This document describes how to configure custom monitoring in YMatrix. This feature is supported starting from version v4.8.2.
First, you should understand how to deploy Grafana monitoring or Prometheus monitoring.
Taking local Grafana monitoring as an example (matrixdb@mxagent),
one to two minutes after the monitoring deployment completes, you can query the monitoring data in the local.system table under the matrixmgr database.

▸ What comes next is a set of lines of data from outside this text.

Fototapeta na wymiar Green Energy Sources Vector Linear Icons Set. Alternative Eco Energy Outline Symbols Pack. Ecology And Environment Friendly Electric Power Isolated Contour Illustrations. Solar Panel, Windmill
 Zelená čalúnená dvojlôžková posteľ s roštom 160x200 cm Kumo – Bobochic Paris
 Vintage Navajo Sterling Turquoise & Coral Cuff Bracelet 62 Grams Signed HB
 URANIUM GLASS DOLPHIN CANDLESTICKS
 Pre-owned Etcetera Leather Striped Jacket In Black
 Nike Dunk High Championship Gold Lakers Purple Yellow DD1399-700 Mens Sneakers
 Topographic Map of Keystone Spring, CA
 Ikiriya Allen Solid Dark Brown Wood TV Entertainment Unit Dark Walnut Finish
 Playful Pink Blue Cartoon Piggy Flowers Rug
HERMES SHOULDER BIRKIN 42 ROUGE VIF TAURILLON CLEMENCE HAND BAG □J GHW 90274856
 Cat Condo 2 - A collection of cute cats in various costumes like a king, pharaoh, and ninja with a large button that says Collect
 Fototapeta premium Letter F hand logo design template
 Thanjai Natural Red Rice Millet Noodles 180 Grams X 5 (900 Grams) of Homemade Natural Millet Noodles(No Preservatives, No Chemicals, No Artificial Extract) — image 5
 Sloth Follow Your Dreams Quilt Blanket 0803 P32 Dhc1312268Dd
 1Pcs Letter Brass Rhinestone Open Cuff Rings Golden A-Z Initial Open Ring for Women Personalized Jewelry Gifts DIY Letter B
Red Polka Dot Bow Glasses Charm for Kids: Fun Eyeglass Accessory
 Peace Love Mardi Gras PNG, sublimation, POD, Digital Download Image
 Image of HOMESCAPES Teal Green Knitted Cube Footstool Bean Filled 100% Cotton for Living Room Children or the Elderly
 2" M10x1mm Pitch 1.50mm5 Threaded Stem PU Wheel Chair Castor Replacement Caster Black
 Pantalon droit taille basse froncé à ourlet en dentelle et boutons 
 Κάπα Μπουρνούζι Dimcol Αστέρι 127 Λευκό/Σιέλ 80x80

This data is collected by telegraf and inserted into the table via mxgate. The telegraf and mxgate processes are deployed as background services by the matrixdb function, as shown in the output of the supervisorctl status command:
$ supervisorctl status
Status:
1. pc_id:{group:"mxui_collector" name:"mxui_collector"} describe:"pid 8223, uptime 2:27:36" now:1682517012 state:"Running" log_file:"/var/log/matrixdb/mxui_collector_5432.log" stdout_log_file:"/var/log/matrixdb/mxui_collector_5432.log" pid:8223
2. pc_id:{group:"mxmgr_gate_ctrl" name:"mxmgr_gate_ctrl"} describe:"pid 10295, uptime 2:25:28" now:1682517012 state:"Running" log_file:"/var/log/matrixdb/mxmgr_gate_ctrl_5432.log" stdout_log_file:"/var/log/matrixdb/mxmgr_gate_ctrl_5432.log" pid:10295
3. pc_id:{group:"mxmgr_telegraf_ctrl" name:"mxmgr_telegraf_ctrl"} describe:"pid 10350, uptime 2:25:26" now:1682517012 state:"Running" log_file:"/var/log/matrixdb/mxmgr_telegraf_ctrl_5432.log" stdout_log_file:"/var/log/matrixdb/mxmgr_telegraf_ctrl_5432.log" pid:10350
4. pc_id:{group:"cylinder" name:"cylinder"} describe:"pid 6038, uptime 2:33:30" now:1682517012 state:"Running" log_file:"/var/log/matrixdb/cylinder.log" stdout_log_file:"/var/log/matrixdb/cylinder.log" pid:6038
5. pc_id:{group:"mxui" name:"mxui"} describe:"pid 6041, uptime 2:33:30" now:1682517012 state:"Running" log_file:"/var/log/matrixdb/mxui.log" stdout_log_file:"/var/log/matrixdb/mxui.log" pid:6041
The data stored in the local.system table is primarily used to display cluster monitoring charts on Grafana Dashboards.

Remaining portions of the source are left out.